2021 News & Events

Study suggests that tall mountain ranges may not always act as natural barriers against pollutant transport

21 May 2021
adapted from the story by NOAA PSL Communications

Denver Front Range
Denver Front Range. Photo: James St. John, Flickr

Scientists curious to find out how far into the Rocky Mountains pollution (tropospheric ozone) could be transported from the Denver Metro area, set out to find answers with the Front Range Air Quality study (FRAQ) in 2008. New research led by NOAA and CIRES scientists at the Physical Sciences Laboratory (PSL) and CSL, combined FRAQ air quality observations from state, university, and federal agencies (including measurements taken by NOAA instruments), to assess pollution transport along Colorado's Front Range.

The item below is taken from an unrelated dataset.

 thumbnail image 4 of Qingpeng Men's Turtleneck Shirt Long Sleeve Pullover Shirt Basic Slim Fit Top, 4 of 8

The researchers analyzed two days—one with upslope (easterly) winds and the other with downslope (westerly) winds. For the upslope day, they found high ozone levels, greater than 90 parts per billion by volume (ppbv), were transported from the Denver Metro area into Rocky Mountain National Park and beyond. In fact, airborne measurements documented the transport of ozone across the Continental Divide. Their findings, published in the journal Elementa: Science of the Anthropocene, highlight a process likely to be an important ozone transport mechanism in areas where mountainous terrain is adjacent to pollution sources, when the right circumstances come together. In the case of the Front Range, those circumstances included a very deep afternoon boundary layer in conjunction with deep easterly winds that exceeded mountain-top height. The results suggest that under these conditions, even tall mountain ranges may not act as natural barriers against pollutant transport.

The study shows unequivocally that a deep layer of ozone with values greater than 80 ppbv, and at times up to 100 ppbv, existed over the plains, adjacent to the Rocky Mountains, on both case study days. The transport of ozone-rich air into wilderness areas with vegetation sensitive to ozone was dependent on both the depth of the afternoon boundary layer and easterly winds. The high ozone also was transported to mountain communities that do not regularly monitor ozone.

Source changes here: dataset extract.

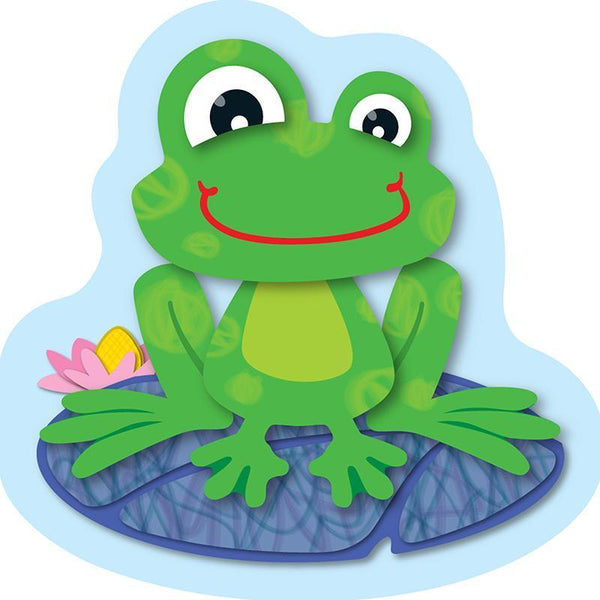 (6 PK) FUNKY FROGS MINI CUT OUTS-Learning Materials-JadeMoghul Inc.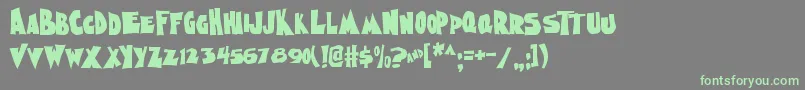Nigha Font – Green Fonts on Gray Background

Measurements taken by NOAA instruments provided crucial information about the transport of ozone pollution from the Denver Metro area into the Rocky Mountains. The study results show that vertical monitoring of pollutants and winds are critical for understanding air pollution transport, and that high ozone air is transported into regions that are not monitored by any regulatory agency. Society may benefit from more geographically extensive air quality monitoring.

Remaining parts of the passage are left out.